Band-Maid / Atarashii Gakko! / Yoasobi / Fujii Kaze / XG

2024年8月8日(木)15時43分
ロブ・シュワルツ(ライター、元ビルボード誌東京支局長)

ニューヨークでパフォーマンスするBAND-MAIDの小鳩ミクとSAIKI

5人組ガールズバンドBAND-MAIDの小鳩ミク(左)とSAIKI(ニューヨーク、23年2月) THEO WARGO/GETTY IMAGES

この新しいチャンスに、日本のインディーズ系アーティストと、既に音楽市場で実績のあるミュージシャンの両方が注目している。

今年7月3日には、日本最大のインディーズレーベルの1つであるポニーキャニオンがハリウッドで記者会見を開き、ロサンゼルスに本社を置くポニーキャニオンUSAの設立を発表した。なぜ今、新会社なのか。


「ここ数年、日本で音楽配信サービスが急速に普及し、世界の音楽市場においても非常に重要な役割を果たすようになった」と、ポニーキャニオンの吉村隆社長は言う。「配信サービスの普及により、日本の音楽が世界各国で認知されてきている。アメリカ市場での成功が実現する可能性も高まってきた」

アニメがヒットに貢献

アメリカでのアニメ人気も、アメリカ進出を目指す多くのアーティストを後押ししている。

音楽クリエーターとバイヤーをグローバルにつなげる「マーケットプレース」を提供するサーフ社のコンテンツディレクター、ジョナ・ヒガは「日本のバンドが成功する要因の1つは、日本文化に対する世界の消費者の関心にある。海外で人気を獲得した楽曲の多くは、アニメと結び付いている」と解説する。

新しい学校のリーダーズ、YOASOBI、BAND-MAIDといったアーティストは、いずれも人気アニメに楽曲を提供している。

全米ツアーを何度も成功させるBAND-MAID

ポニーキャニオン所属のBAND-MAIDは何年も前から、アメリカで確かな人気を築いている。

2013年に結成された女性5人組のハードロック・メタルバンドで、日本のメイド喫茶のウエートレスのような衣装を着用。全米ツアーを何度も成功させ、昨年はアメリカの主要ロックフェスティバルのポイントフェストとロラパルーザに出演した。

YouTube公式チャンネルの総再生回数は2億回を超えている。

今年4月にはメタル系バンドのインキュバスの伝説的ギタリスト、マイク・アインジガーとの共作「Bestie」をリリースした。
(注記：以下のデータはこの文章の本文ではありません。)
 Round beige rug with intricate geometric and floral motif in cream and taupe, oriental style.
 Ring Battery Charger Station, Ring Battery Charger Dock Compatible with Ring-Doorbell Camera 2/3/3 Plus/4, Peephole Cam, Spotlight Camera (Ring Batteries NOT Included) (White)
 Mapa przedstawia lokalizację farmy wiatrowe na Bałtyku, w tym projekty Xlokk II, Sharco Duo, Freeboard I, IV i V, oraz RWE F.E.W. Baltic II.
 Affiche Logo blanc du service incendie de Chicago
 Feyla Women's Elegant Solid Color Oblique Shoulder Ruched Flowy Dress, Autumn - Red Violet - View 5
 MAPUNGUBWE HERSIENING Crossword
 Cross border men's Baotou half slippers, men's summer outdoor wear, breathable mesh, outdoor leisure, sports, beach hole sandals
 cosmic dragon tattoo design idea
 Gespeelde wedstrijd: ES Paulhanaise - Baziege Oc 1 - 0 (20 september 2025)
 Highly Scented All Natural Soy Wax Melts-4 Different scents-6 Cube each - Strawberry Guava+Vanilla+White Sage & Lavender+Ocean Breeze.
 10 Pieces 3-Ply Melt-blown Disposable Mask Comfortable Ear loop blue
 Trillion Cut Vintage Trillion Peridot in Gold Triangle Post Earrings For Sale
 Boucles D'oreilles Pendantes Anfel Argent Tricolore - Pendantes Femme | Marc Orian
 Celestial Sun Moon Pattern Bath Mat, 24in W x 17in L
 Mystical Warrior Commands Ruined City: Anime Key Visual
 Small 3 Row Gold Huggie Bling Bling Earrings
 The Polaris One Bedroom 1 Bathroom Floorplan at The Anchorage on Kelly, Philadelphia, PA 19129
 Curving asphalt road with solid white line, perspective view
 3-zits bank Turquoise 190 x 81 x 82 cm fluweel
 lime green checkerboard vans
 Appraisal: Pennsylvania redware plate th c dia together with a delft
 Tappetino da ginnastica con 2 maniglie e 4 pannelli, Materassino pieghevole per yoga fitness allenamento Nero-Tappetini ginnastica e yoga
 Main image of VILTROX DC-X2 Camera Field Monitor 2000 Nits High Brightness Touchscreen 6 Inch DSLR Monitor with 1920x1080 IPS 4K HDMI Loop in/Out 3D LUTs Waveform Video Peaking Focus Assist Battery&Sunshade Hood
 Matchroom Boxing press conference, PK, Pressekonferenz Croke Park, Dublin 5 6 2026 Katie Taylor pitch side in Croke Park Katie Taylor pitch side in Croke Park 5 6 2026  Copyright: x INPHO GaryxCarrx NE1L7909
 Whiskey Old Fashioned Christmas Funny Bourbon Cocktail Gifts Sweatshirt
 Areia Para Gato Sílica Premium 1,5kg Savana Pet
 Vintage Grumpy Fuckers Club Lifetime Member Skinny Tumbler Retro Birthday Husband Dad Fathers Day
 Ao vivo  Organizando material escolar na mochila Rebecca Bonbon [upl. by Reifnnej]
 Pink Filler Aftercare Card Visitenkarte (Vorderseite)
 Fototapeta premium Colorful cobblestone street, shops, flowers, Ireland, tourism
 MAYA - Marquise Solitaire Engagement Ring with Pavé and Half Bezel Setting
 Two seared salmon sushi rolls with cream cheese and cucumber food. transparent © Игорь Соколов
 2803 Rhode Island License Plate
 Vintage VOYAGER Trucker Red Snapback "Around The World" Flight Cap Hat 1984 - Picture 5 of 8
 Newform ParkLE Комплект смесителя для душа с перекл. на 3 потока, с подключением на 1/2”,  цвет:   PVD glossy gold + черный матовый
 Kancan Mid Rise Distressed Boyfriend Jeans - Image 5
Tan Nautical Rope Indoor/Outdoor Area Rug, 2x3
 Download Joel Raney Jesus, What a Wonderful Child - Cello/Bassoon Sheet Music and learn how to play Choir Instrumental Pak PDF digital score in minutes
米ロック界の大御所とのコラボは、アメリカでの認知度アップにつながる大きな一歩だ。

日本のビジュアルロックのレジェンドYOSHIKIが、新たに結成したザ・ラスト・ロックスターズを率いて昨年アメリカ公演を行った際、BAND-MAIDがオープニングアクトを務めたことも見逃せない。

激しいヘッドバンギング入りの荒っぽいスラッシュメタルから抑えたバラードまで、多彩なサウンドでアメリカの聴衆を魅了した。